I would like to share my thoughts with you, as I am troubling my mind sometime now without any decision and of course ask for your opinion, thoughts and why not some guidance from any experienced users out there.

To start I will present you all (?) the alternatives I have as of now:
a)Buy the 7D now
b)Buy the 5D II now
c)Buy the 5D3 now
d)Wait for a 7D II (70D or 7D replacement anyway)
e)Sell all my glass and jump over the D800 train to start over (ouch!)
f)Wait for ... whatever

Before start talking about each one of my alternatives a couple of words regarding my equipment and my shooting preferences:

I own the EF 24-105 F4/L IS USM, EF 50mm F/1.4 USM, EF 70-200 F/4 L USM, EF 100mm F/2.8 L IS USM Macro and the crappy kit lens EF-S 18-55 F/3.5-5.6 USM II.

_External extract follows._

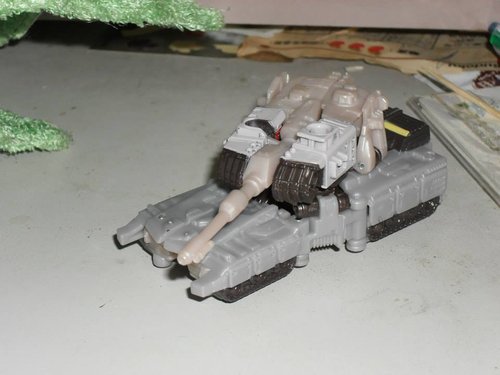 legends 30 thrilling megatron tank mode.jpg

What I mostly shoot? Landscapes, Macro and closeups, Portraits and head-shots,
still life and I really love indoors and shooting in available light.

Some random thoughts now...
As I am about to step up I ve better go full frame 'cause I love having top IQ, right?
but...
That means that I am willing to pay 2k in the mid 2012 for an outdated product with crappy AF (5DII) or pay 3,5k for a negligible product with top notch AF but not much IQ improvement over 5DII (5DIII) or sell everything and change brand (D800)...

So for each of the alternatives my thoughts.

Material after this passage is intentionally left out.